EXERCISE REQUIREMENTS: Whenever a picture appears, leave it out while repeating all the other data exactly.

>>>

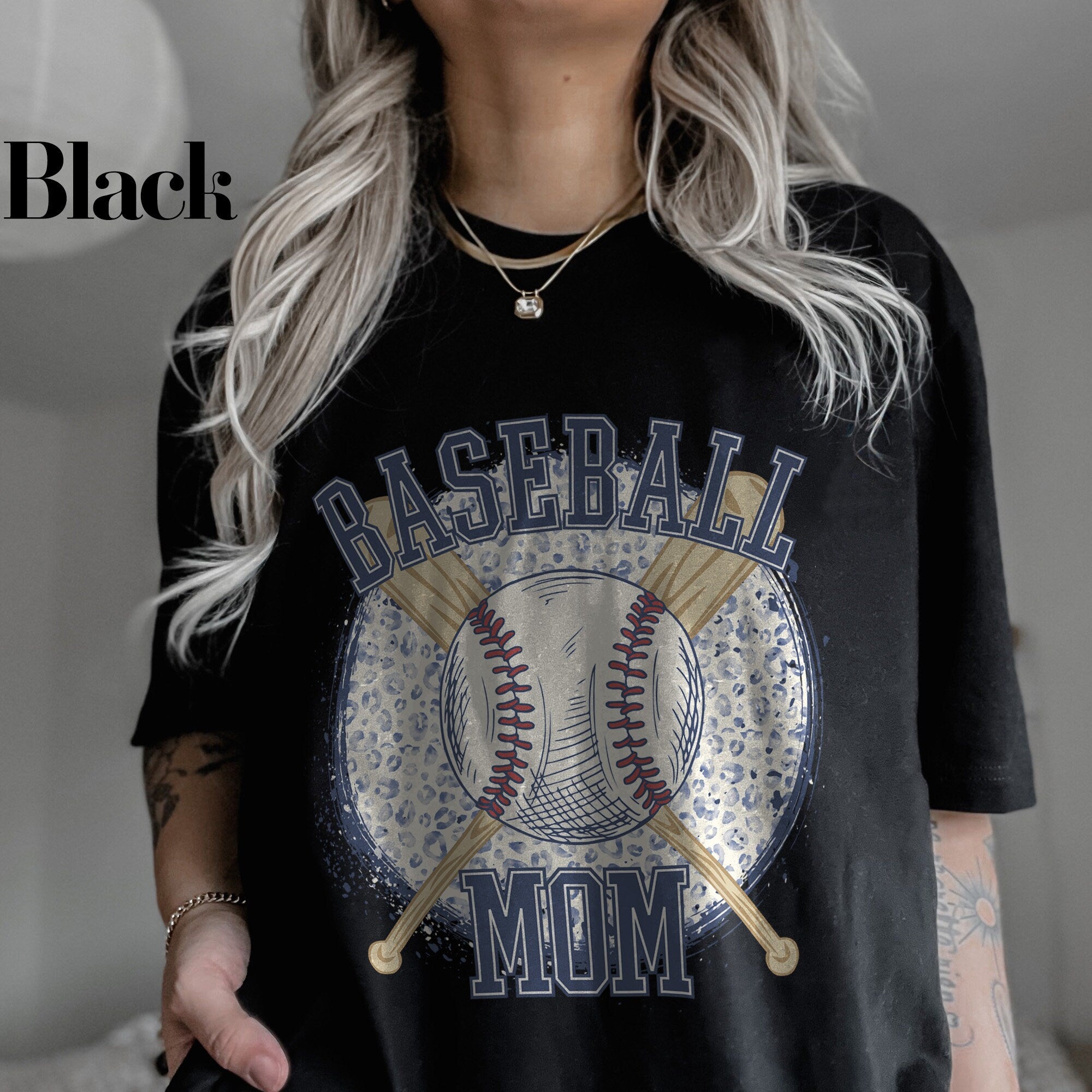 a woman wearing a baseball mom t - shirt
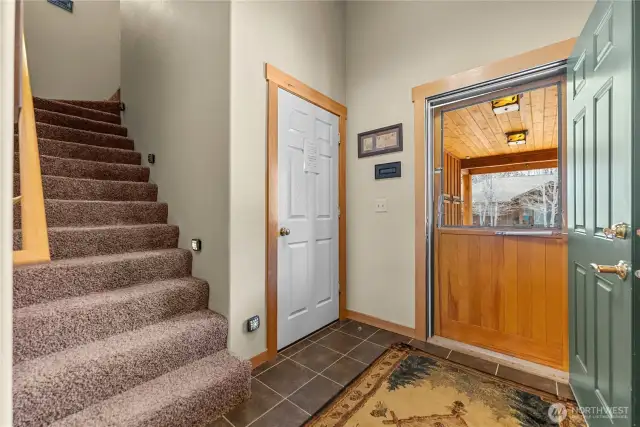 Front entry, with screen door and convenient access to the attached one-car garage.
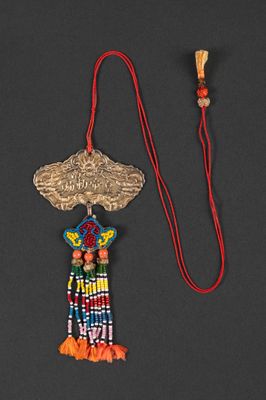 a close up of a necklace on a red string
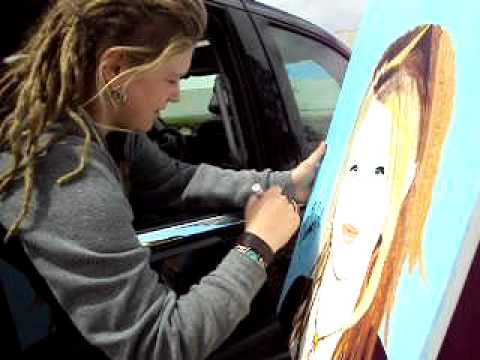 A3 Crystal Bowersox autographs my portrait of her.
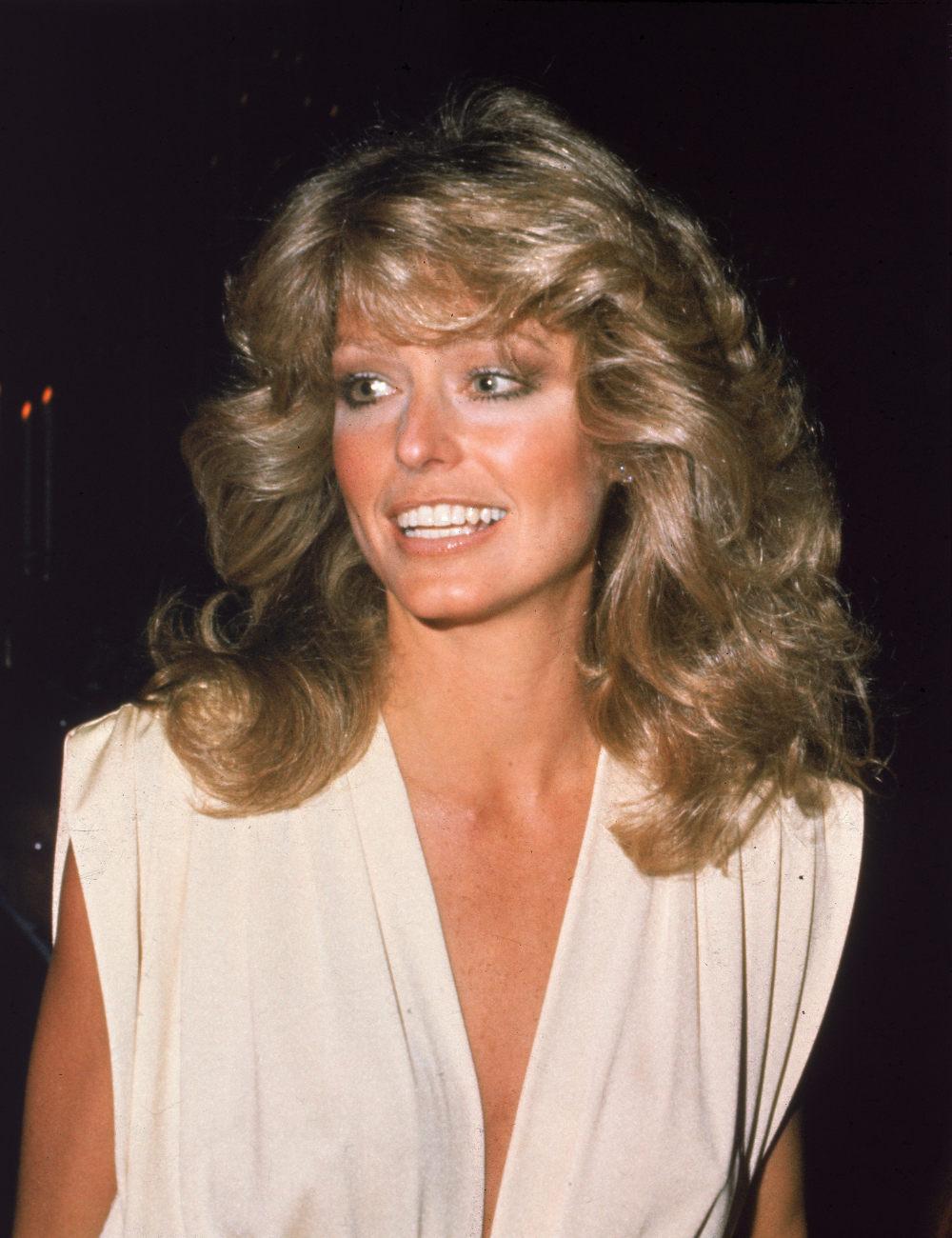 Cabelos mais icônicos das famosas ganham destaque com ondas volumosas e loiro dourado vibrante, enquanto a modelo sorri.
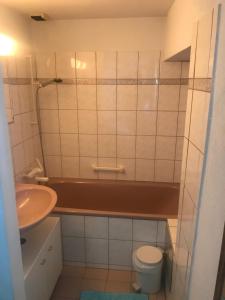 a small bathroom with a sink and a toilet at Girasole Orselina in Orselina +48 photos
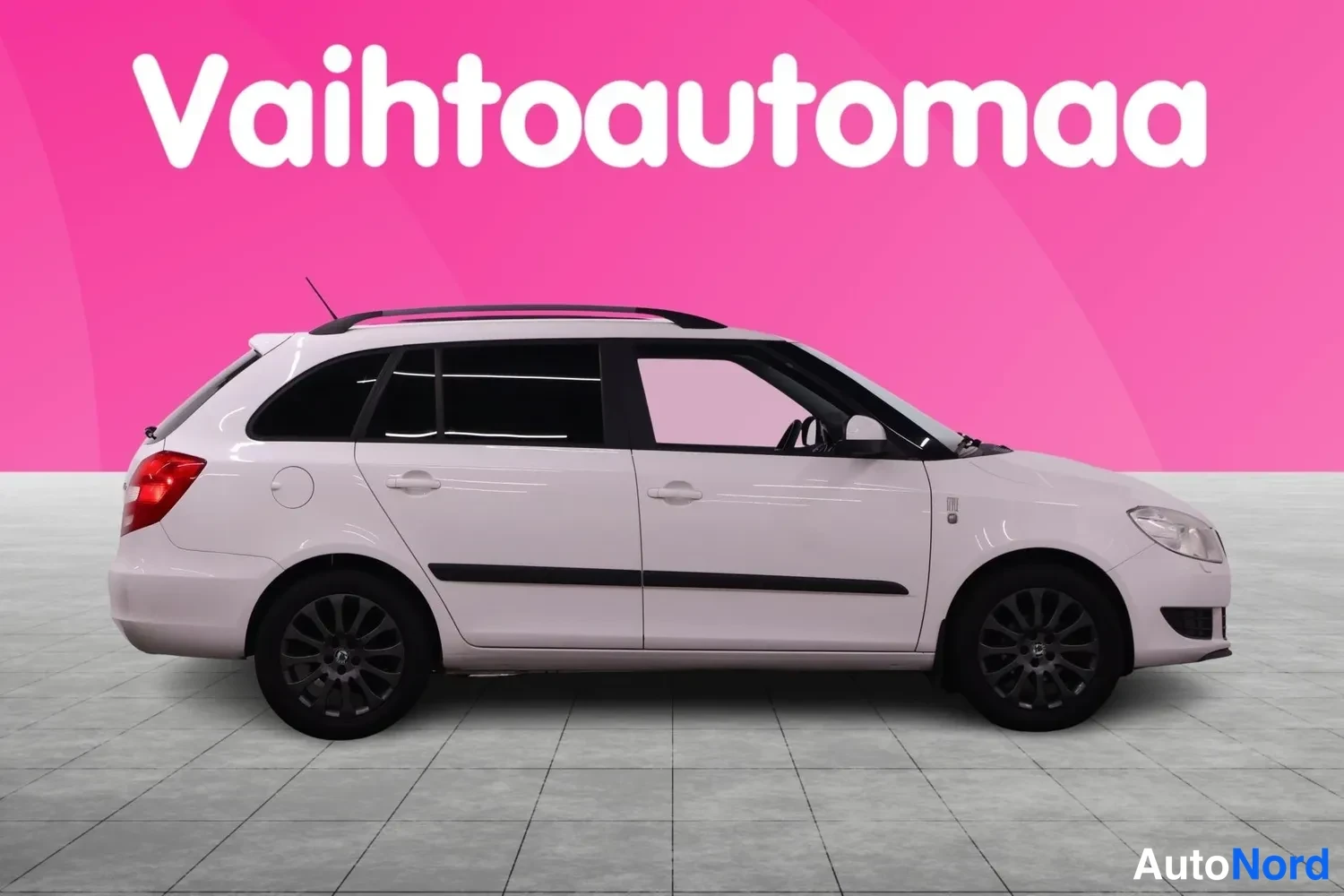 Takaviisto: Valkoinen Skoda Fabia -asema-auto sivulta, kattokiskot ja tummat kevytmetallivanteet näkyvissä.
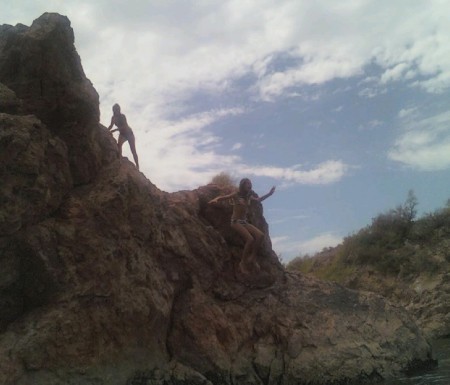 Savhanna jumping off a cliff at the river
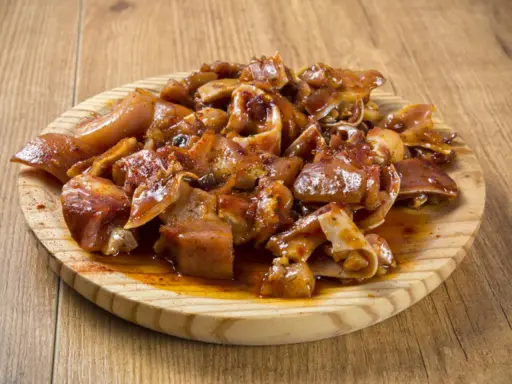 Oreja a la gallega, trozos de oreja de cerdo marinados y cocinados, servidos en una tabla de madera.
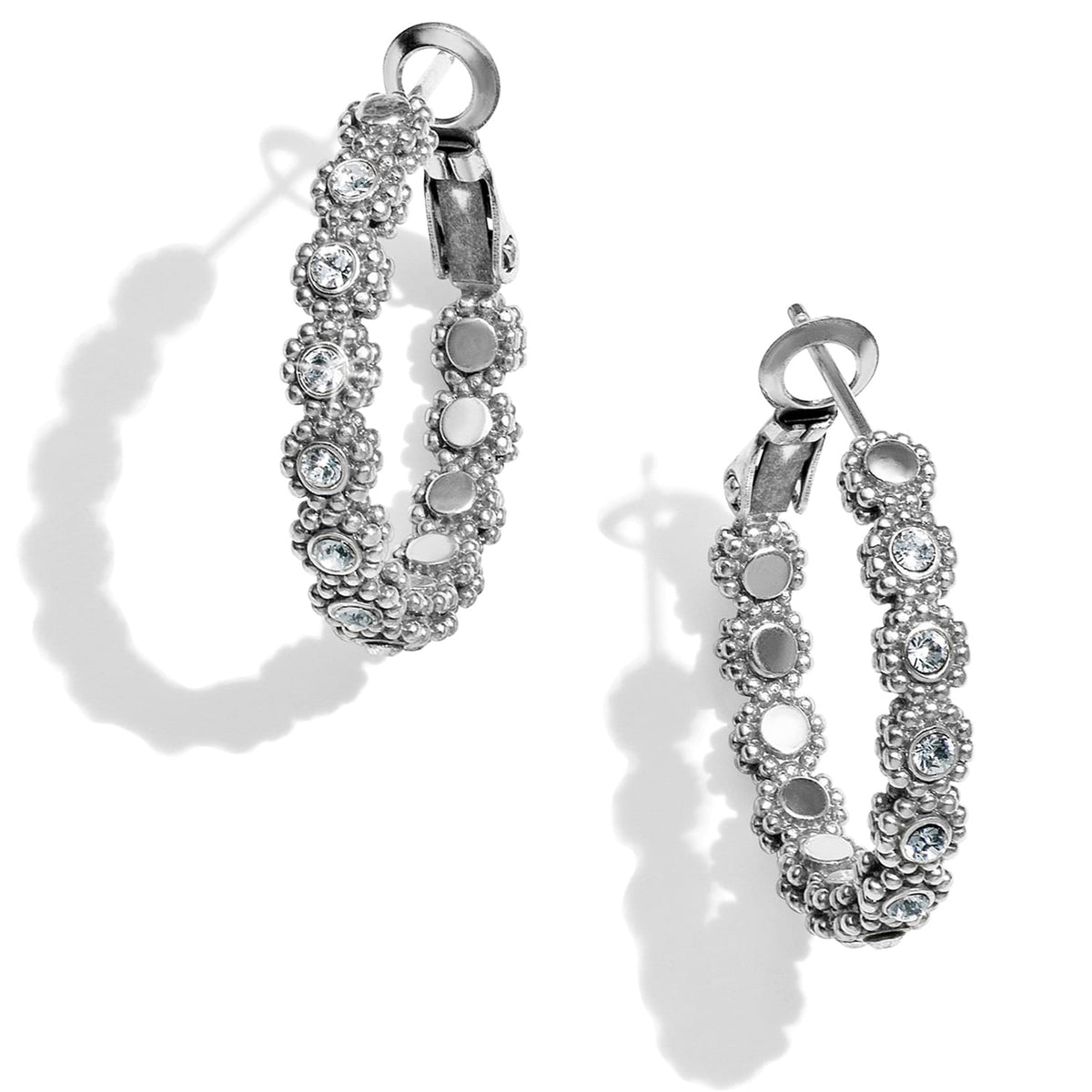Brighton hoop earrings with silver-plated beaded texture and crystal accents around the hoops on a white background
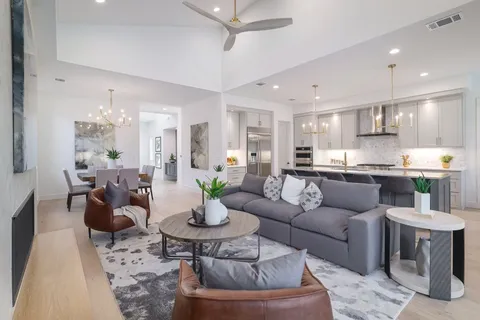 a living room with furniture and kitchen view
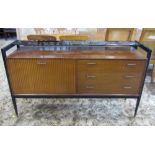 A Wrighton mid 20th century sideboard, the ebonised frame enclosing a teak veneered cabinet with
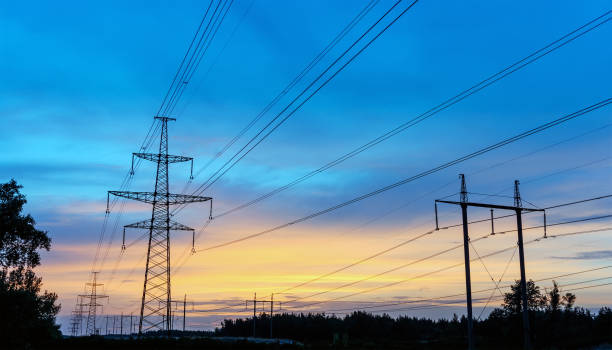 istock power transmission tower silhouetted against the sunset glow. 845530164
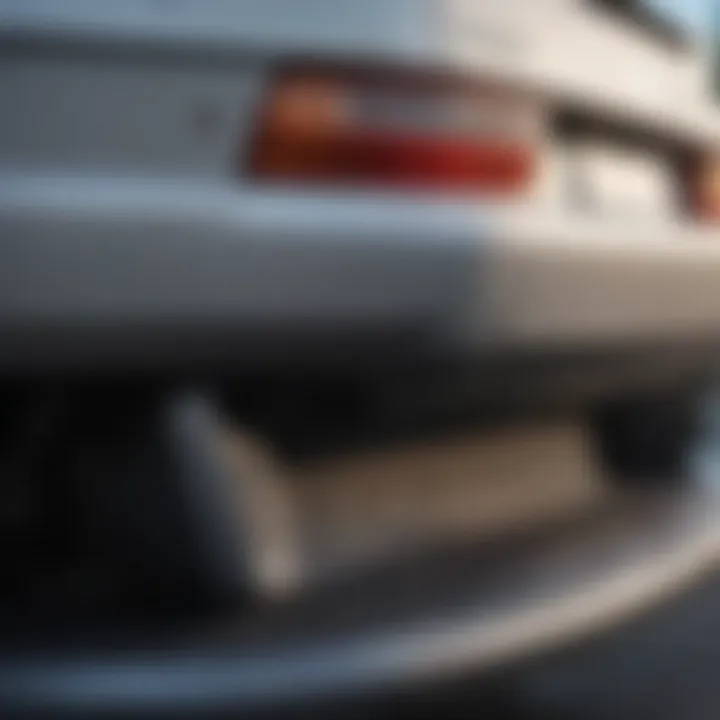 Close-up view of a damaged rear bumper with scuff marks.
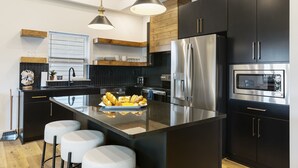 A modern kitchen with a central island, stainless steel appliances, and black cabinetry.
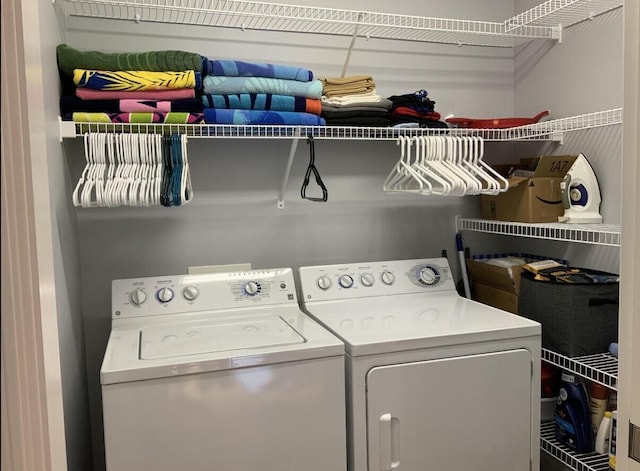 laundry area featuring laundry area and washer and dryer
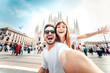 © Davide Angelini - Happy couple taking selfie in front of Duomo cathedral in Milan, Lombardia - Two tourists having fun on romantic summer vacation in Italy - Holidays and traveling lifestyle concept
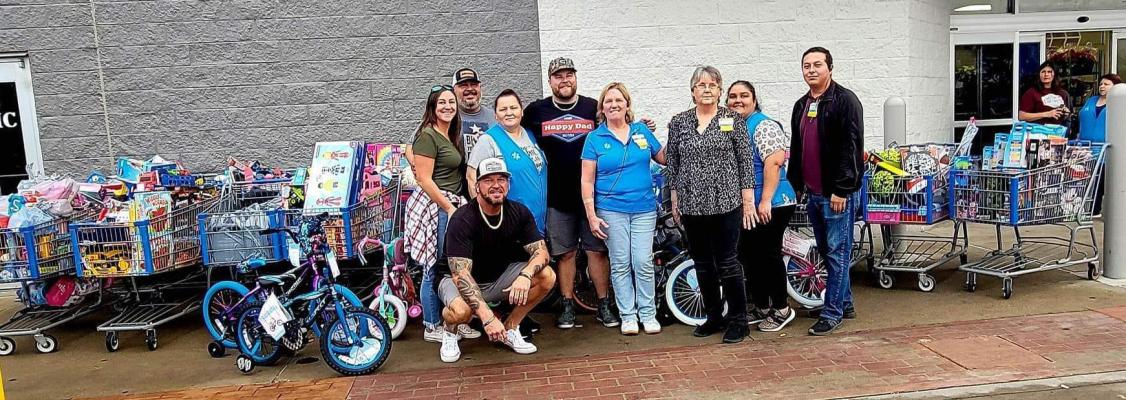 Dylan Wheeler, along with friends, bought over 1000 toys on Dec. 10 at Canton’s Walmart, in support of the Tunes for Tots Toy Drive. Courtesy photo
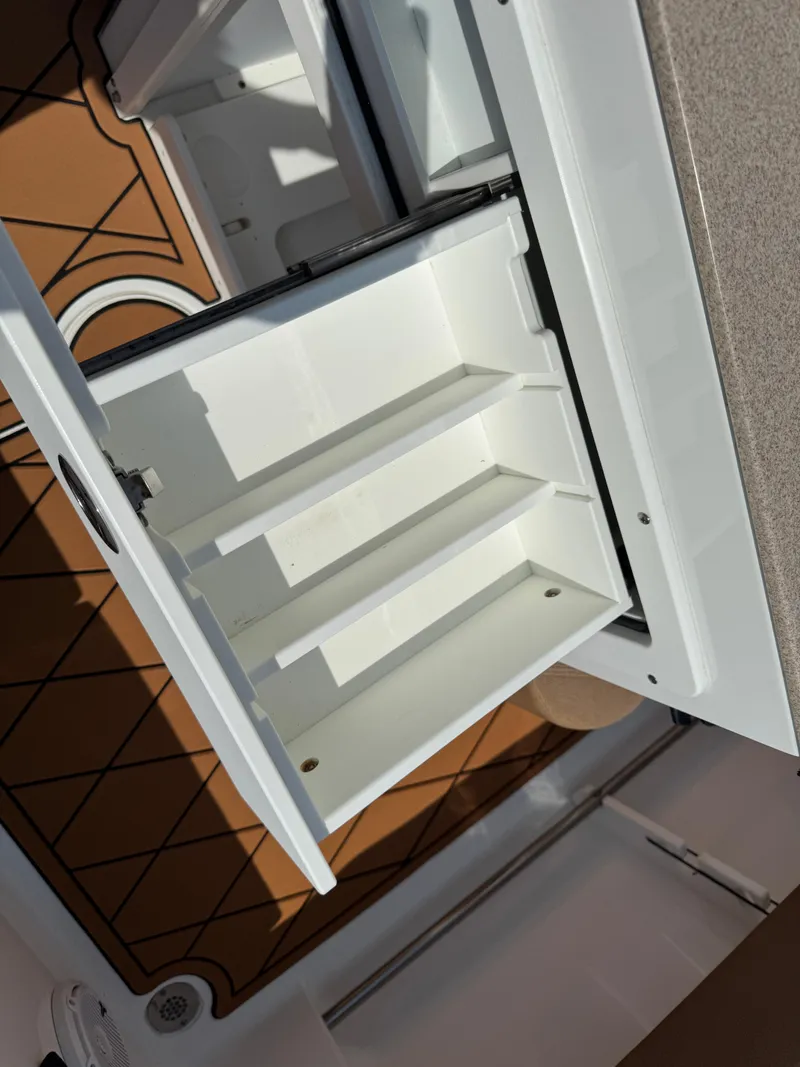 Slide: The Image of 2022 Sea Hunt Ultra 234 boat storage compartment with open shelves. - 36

<<<

SOLUTION FOR THIS TASK:
 a woman wearing a baseball mom t - shirt
 Front entry, with screen door and convenient access to the attached one-car garage.
 a close up of a necklace on a red string
 A3 Crystal Bowersox autographs my portrait of her.
 Cabelos mais icônicos das famosas ganham destaque com ondas volumosas e loiro dourado vibrante, enquanto a modelo sorri.
 a small bathroom with a sink and a toilet at Girasole Orselina in Orselina +48 photos
 Takaviisto: Valkoinen Skoda Fabia -asema-auto sivulta, kattokiskot ja tummat kevytmetallivanteet näkyvissä.
 Savhanna jumping off a cliff at the river
 Oreja a la gallega, trozos de oreja de cerdo marinados y cocinados, servidos en una tabla de madera.
Brighton hoop earrings with silver-plated beaded texture and crystal accents around the hoops on a white background
 a living room with furniture and kitchen view
 A Wrighton mid 20th century sideboard, the ebonised frame enclosing a teak veneered cabinet with
 istock power transmission tower silhouetted against the sunset glow. 845530164
 Close-up view of a damaged rear bumper with scuff marks.
 A modern kitchen with a central island, stainless steel appliances, and black cabinetry.
 laundry area featuring laundry area and washer and dryer
 © Davide Angelini - Happy couple taking selfie in front of Duomo cathedral in Milan, Lombardia - Two tourists having fun on romantic summer vacation in Italy - Holidays and traveling lifestyle concept
 Dylan Wheeler, along with friends, bought over 1000 toys on Dec. 10 at Canton’s Walmart, in support of the Tunes for Tots Toy Drive. Courtesy photo
 Slide: The Image of 2022 Sea Hunt Ultra 234 boat storage compartment with open shelves. - 36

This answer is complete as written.